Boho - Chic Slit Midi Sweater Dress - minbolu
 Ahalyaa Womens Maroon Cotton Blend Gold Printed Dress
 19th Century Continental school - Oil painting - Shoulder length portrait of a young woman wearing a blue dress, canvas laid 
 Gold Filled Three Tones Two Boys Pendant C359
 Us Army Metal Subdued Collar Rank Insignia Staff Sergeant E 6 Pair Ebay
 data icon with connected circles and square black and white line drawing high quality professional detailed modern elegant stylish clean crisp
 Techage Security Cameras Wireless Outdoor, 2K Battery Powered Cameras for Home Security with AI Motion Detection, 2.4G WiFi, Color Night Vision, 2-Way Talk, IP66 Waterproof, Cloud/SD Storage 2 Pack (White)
****
--- TASK GOAL ---
Copy out all lines of the listing above that include "with".

--- ANSWER FOR THIS EXERCISE ---
 data icon with connected circles and square black and white line drawing high quality professional detailed modern elegant stylish clean crisp
 Techage Security Cameras Wireless Outdoor, 2K Battery Powered Cameras for Home Security with AI Motion Detection, 2.4G WiFi, Color Night Vision, 2-Way Talk, IP66 Waterproof, Cloud/SD Storage 2 Pack (White)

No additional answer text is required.